By Scott Rothschild | Journal-World
Topeka — Gov. Kathleen Sebelius has signed a joint communique with Cuba’s largest food importer, hoping to increase trade between Kansas companies and the island country.
Under the deal, the Empresa Comercializadora de Alimentos, also known as Alimport, will spend $10 million on Kansas agricultural products.
In return, Kansas state government will try to promote business opportunities in the Cuban market and encourage normalization of trade relations between the United States and Cuba.
The communique is nonbinding, but signals an intent by both sides to do business, said Patty Clark, director of the agricultural marketing division of the Kansas Department of Commerce.
The accord could have been made without Sebelius’ participation, but the governor wanted to sign it “to add weight and influence to the negotiation process on behalf of Kansas companies,” Clark said.
Pedro Alvarez, chairman and chief executive of Alimport, hailed the communique, which was signed by Sebelius on Dec. 9, but not publicly announced by the Sebelius administration. The Journal-World learned of the agreement when it was announced by Cuba’s Radio Rebelde.

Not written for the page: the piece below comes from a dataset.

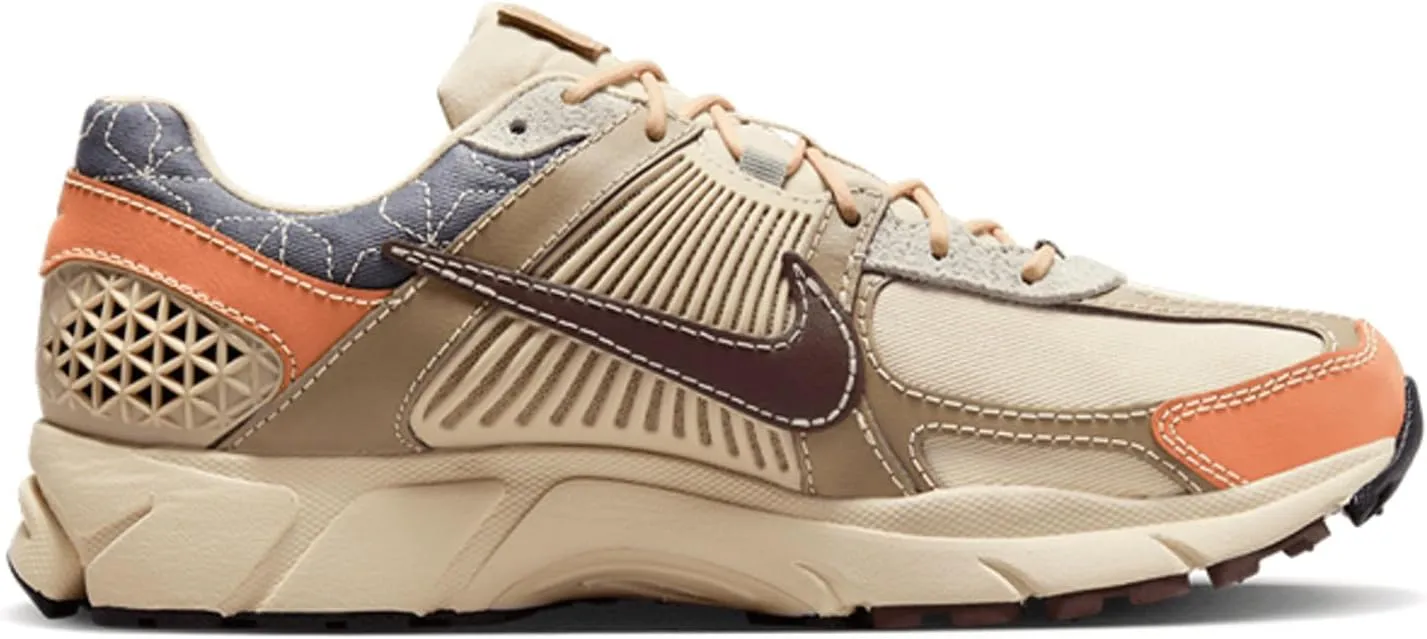 Nike Men's Zoom Vomero 5 Sneaker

Clark said the agreement was similar to others the state has pursued with other countries, such as Taiwan.
She said the $10 million figure was a benchmark, and Alimport could exceed it.
The communique was worked out after three trips by state officials and Kansas agricultural producers to Cuba and Mexico to build relations with Alimport, Clark said.
Kansas products, such as wheat and flour, already have been exported to Cuba since some trade restrictions were relaxed with Cuba in 2001.
The communique calls on state officials to encourage the Kansas congressional delegation to repeal remaining trade and travel restrictions with Cuba, and to help secure visas for Alimport guests to travel to Kansas.